Michael Gove's reforms require a major adjustmentby Christopher Fear / June 6, 2013 / Leave a comment
Michael Gove has provoked a great deal of protest by proposing to reform the history curriculum. He wants it to reflect a coherent, continuous, chronological “story of these islands.” The hostility of most teachers to his reforms is now well known, and commentators in the media have been quick to accuse him of academic snobbery, traditionalism, chauvinistic mythologising, and so on. From the point of view of philosophy of history, however, Gove’s emphasis on chronology is a step in the right direction. There is one possible but major adjustment he now needs to make. History should be taught backwards.
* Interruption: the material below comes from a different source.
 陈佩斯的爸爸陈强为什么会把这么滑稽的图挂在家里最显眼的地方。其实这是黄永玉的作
Philosophers of history have long been fond of the metaphor of history as “archaeology.” You find it in the work of thinkers as diverse as the father of modern British philosophy of history, RG Collingwood, the French social theorist Michel Foucault, and the Cambridge historian Quentin Skinner.
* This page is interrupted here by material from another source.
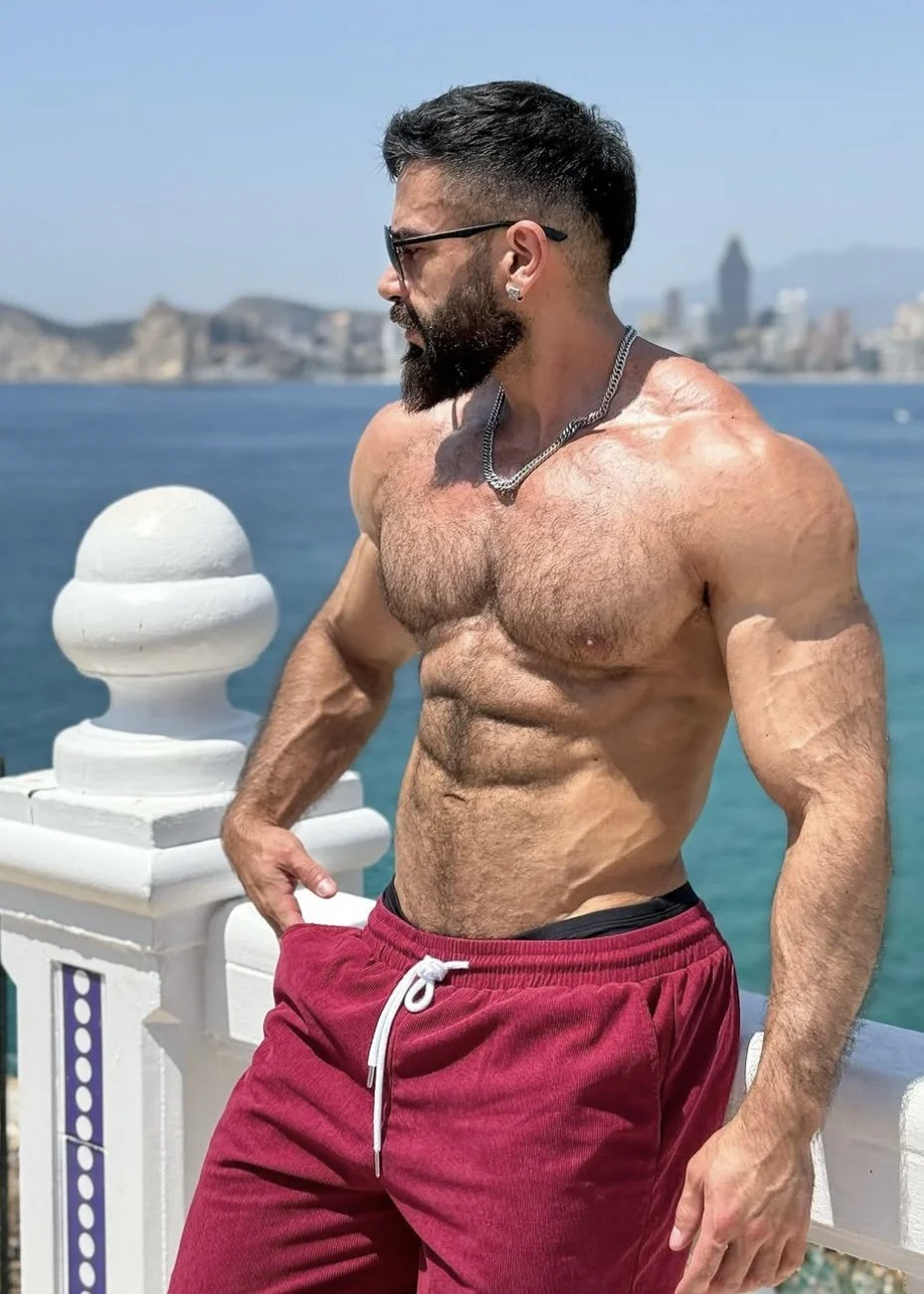 RENZO on Gaywoof Magazine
And you can see what they’re getting at. The work of actual historians is more akin to “digging up the past” than it is to learning stories. Historians bring to the light of day remnants from below the social surface. The more historically remote an episode is, the more “layers” of the intervenient centuries the historian has to dig through to get there; and the deeper you dig, the further back you go. And you can only dig through those layers in a particular order. No archaeologist has ever encountered Victorian medical implements beneath a Roman mosaic, or fragments of the Berlin Wall under a Viking shield.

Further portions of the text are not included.